One such piece of technology is the computerized physician order entry system (CPOE), which enables physicians, physicians’ assistants, and nurse practitioners to enter medication (or test) orders into a computer instead of using a handwritten form. These computerized orders are easy to read, and, more importantly, the system software can also deliver tips, reminders, best practices, and automatic alerts about potentially harmful drug interactions or allergies.
Brigham and Women’s Hospital (BWH) pioneered the development of a CPOE system in 2004, building it from the ground up and helping establish a model for what is now a nationally accepted safety practice. Since that time, BWH research has demonstrated that implementing CPOE can have a tremendous impact on reducing medication errors in hospital settings.
However, most hospitals don’t have the IT capacity to build such a system on their own, so vendor-developed systems have become the norm. And since almost all studies of CPOE impact have been done on internally developed systems, it hasn’t been clear whether results with vendor systems would be similar.
To address this issue, BWH researchers recently examined the impact of incorporating vendor-developed CPOEs at five community hospitals in Massachusetts. For the five-year period following the implementation of CPOE systems at these hospitals, there was a 34 percent reduction in preventable adverse drug events (ADEs), but the rate of near-misses (errors that had potential to cause harm but didn’t cause harm) actually went up. This shows that vendor-developed CPOE systems were preventing the most important errors, but also revealed that many hospitals were allowing orders to go through without checking them for errors – supporting the notion that the success of these systems relies on human vigilance.
“We knew from prior research that there was potential to significantly reduce preventable ADEs at community hospitals through CPOE, but we hadn’t examined the effectiveness of vendor-developed systems,” says Dr. David Bates, Senior Vice President for Quality and Safety at Brigham and Women’s Hospital and senior author on the study. “This most recent research demonstrated that vendor systems could indeed deliver benefit, but also showed that they could be implemented better.”
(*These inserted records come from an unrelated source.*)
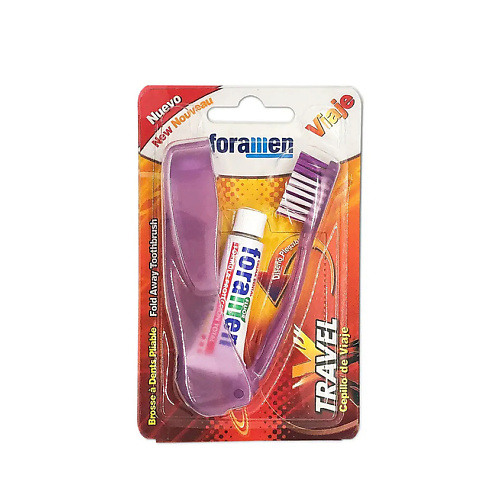 

FORAMEN Гигиенический набор для путешествий, Гигиенический набор для путешествий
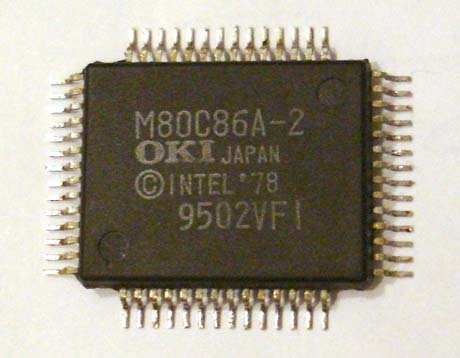 Intel 80286 and 8088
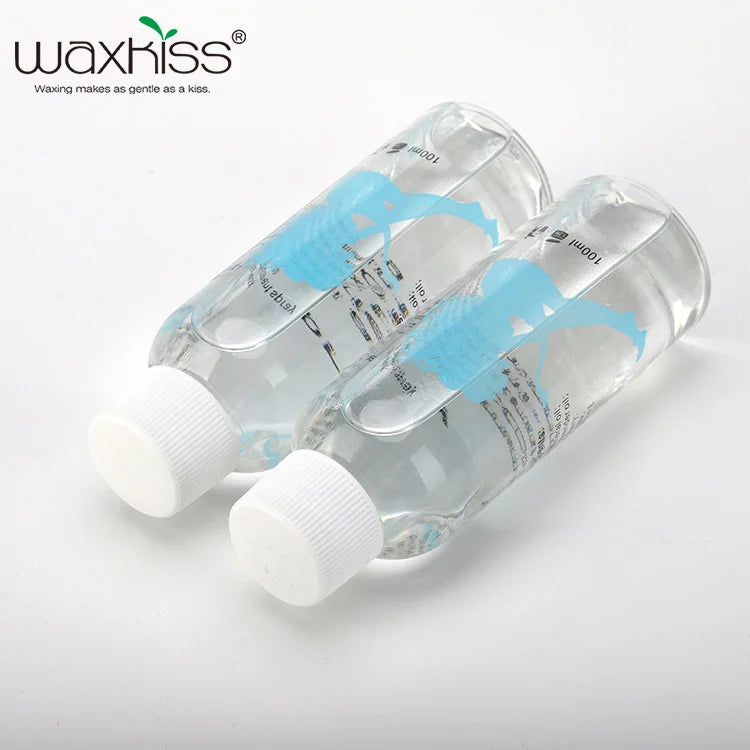 WAXKISS Wholesale Customized 100ml 250ml 500ml Pre Post Wax Cleaner for Beauty and Care Products
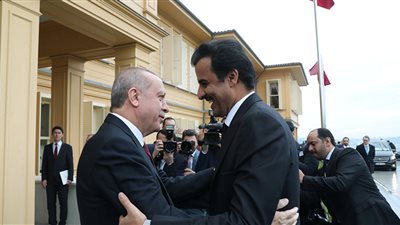 أردوغان.. يضع تميم في مقارنة مع النبي محمد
Numerous other studies have shown that CPOE helps. A 2004 U.S. study concluded that 64,500 lives could be saved and 907,600 serious medication errors could be prevented each year if CPOE was implemented in all urban U.S. hospitals. The landmark study of CPOE at BWH, also led by Bates, found that even a simple system reduced serious medication errors by 55 percent.
Yet, despite compelling evidence that CPOE and other technologies can significantly improve patient safety, only about 30 percent of hospitals nationwide and 40 percent of Massachusetts hospitals have established the use of CPOE and electronic health records (a sharable collection of electronic health information about individual patients or populations). But those numbers are bound to rise soon, as the U.S. government has provided financial incentives for U.S. hospitals to implement electronic health records and CPOE – thereby improving the likelihood that most U.S. patients will soon be benefitting from these very important technologies.